Collected data:
◆ ◆ ◆ ◆ ◆

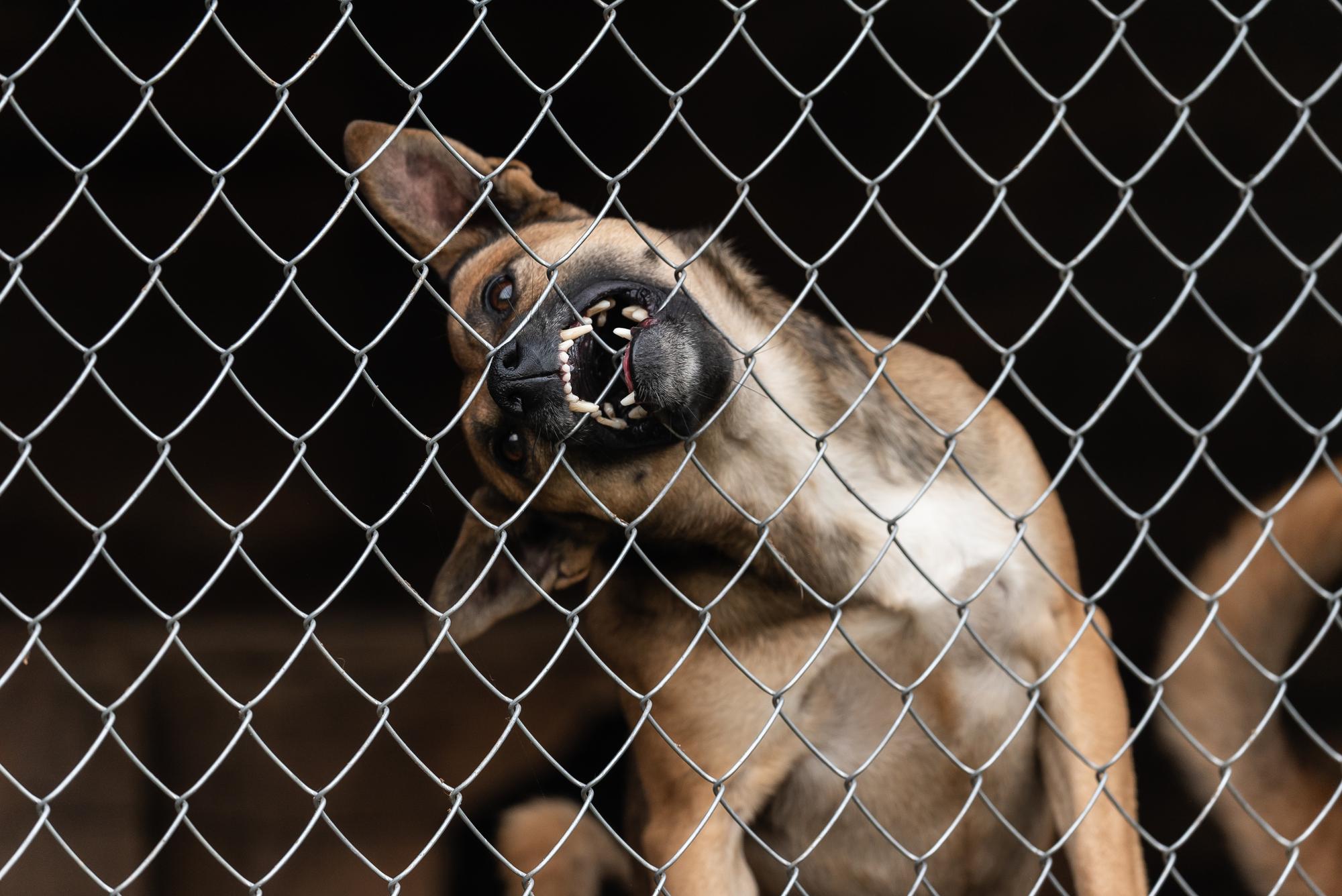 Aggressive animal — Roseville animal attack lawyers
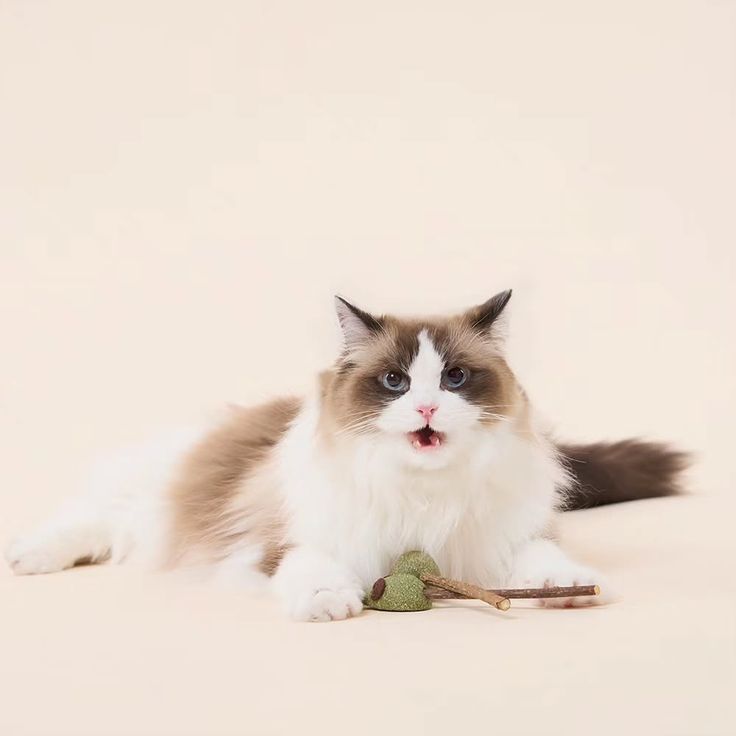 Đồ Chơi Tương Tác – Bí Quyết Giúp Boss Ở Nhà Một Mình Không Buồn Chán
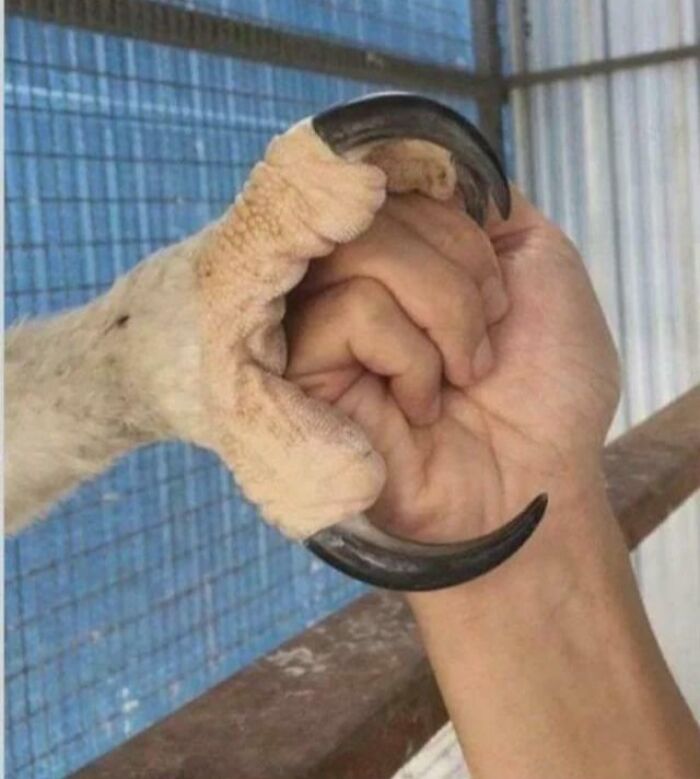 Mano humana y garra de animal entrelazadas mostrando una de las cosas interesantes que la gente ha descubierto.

◆ ◆ ◆ ◆ ◆

Task description: The expected result is the material restated word for word, minus any picture.

Written answer:
 Aggressive animal — Roseville animal attack lawyers
 Đồ Chơi Tương Tác – Bí Quyết Giúp Boss Ở Nhà Một Mình Không Buồn Chán
 Mano humana y garra de animal entrelazadas mostrando una de las cosas interesantes que la gente ha descubierto.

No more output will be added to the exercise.